In [None]:
import numpy as np 
import pandas as pd
import matplotlib.pyplot as plt
import seaborn as sns
%matplotlib inline


import os
for dirname, _, filenames in os.walk('/kaggle/input'):
    for filename in filenames:
        print(os.path.join(dirname, filename))


# **Loading the dataset**

In [None]:
netflix_data = pd.read_csv('/kaggle/input/netflix-original-films-imdb-scores/NetflixOriginals.csv')

In [None]:
netflix_data.head()

In [None]:
netflix_data.info()

There are 6 columns in the dataset: Title, Genre, Premiere, Runtime, IMDB Score and Language.

There are no null values present but we do need to convert Premier to a date time

In [None]:
netflix_data.describe()

In [None]:
netflix_data['Premiere'] = pd.to_datetime(netflix_data['Premiere'])
netflix_data['Premiere'] = netflix_data['Premiere'].dt.year

In [None]:
netflix_data.head()

**We have the premieres by year**

**Now there are a some things we can do:**
1. Find out the top rated Originals of all time 
2. See which genre, language and year do they belong to and what is their runtime
3. Find out what genre has the most originals
4. What other languages other than English are in more numbers
5. Group them by year to find out the best originals of that year and find trends 

# Finding Top Rated Originals of all time

Top rated movies on IMDB start with a score of 8.0 so thats what we'll be doing as well

In [None]:
top_rated = netflix_data[netflix_data['IMDB Score'] >= 8.0]
len(top_rated)

In [None]:
top_rated.tail(17)

As we can see that most of them belong to the Documentary genre and are in English with a few exceptions

In [None]:
sns.kdeplot(top_rated['Runtime'])
mean_runtime = top_rated['Runtime'].mean()

print(f"Average Runtime is: {mean_runtime}")

# Finding what genre has the most originals

In [None]:
netflix_data['Genre'].value_counts()

**Netflix mostly makes Documentaries which confirms our analysis above that the top rated ones were mostly Documentaries**

# Top Languages other than English

In [None]:
netflix_data['Language'].value_counts().head(10)

# Grouping by Year

In [None]:
netflix_data['Premiere'].unique()

Fact: Netflix started making orginals from 2013

In [None]:
netflix_data.groupby('Premiere').describe()

In [None]:
sns.jointplot(x='Premiere', y='Runtime', data=netflix_data)

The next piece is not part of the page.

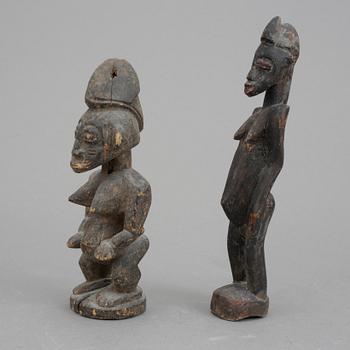 FETISCHER, 2 st, trä, Afrika, 1900-tal.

# Final Conclusion (Summary)

This netflix data set is comprised of all the originals they have released from 2014 to 2021

Most of the originals were Documentaries, which also had the most top scores on IMDB

The average runtime had a range from 90 - 100 minutes

English was the most common Language followed by Hindi and Spanish, one Portugese and one Spanish Documentary were in the top rated on IMDB



**In short: Netflix has focused on making more documentaries which has proven to be a success for them, and there will be many more in the coming years**